R : Nous continuons à travailler. Si les travaux avancent bien et si les circonstances sont favorables, la Beskid pourrait être mise en production. Je pense que l’achat d’une licence a augmenté les chances de la voir entrer en production. Ce partenariat a permis à FSM d’avoir accès à des technologies très modernes. Prenez le cas de la Bis. Elle nous a permis de maitriser la production du moteur à refroidissement liquide, du système de chauffage, des pneus tubeless à profil bas; du hayon et des verins qui le soutiennent.

Q : Oui mais cela fait longtemps que la Polonez a ce type de verins !
R : Oui mais pour chaque voiture c’est une autre histoire, d’autres charnières, une autre résistance des montants. Cela nécessite beaucoup de travail. Tout cela c’est de l’expérience pour les modèles suivants. Les nouvelles technologies permettront aussi de moderniser la Beskid. Et l’expérience acquise sur la future X1-79 va enrichir la Beskid et lui permettre de devenir une voiture des années 90.

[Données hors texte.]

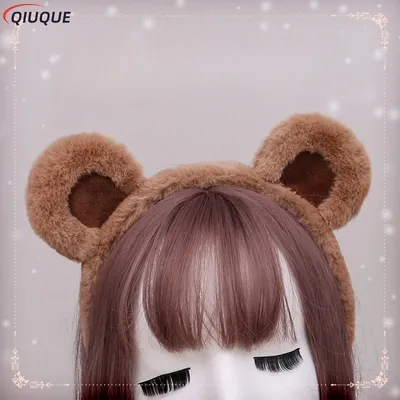 Handcrafted Japanese Cute Girl Plush Lolita Bear Ear Headband Cosplay Accessories Ears Hairband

Q : Vous êtes plutôt optimiste. Je crains pourtant que la licence de production donne beaucoup de travail pour le bureau d’étude de FSM qui n’a tout simplement plus de temps à consacrer à ses propres travaux.
R : Il y a deux ans nous avions 460 employés, nous sommes désormais 540. Cette tendance se poursuit. En outre nous avons des partenaires réguliers comme l’Université Polytechnique de Varsovie, l’Université technique de Lodz ou de Cracovie. Nous avons beaucoup d’universitaires dans nos murs. Je ne suis pas inquiet et je n’ai pas à me soucier d’un manque de travail.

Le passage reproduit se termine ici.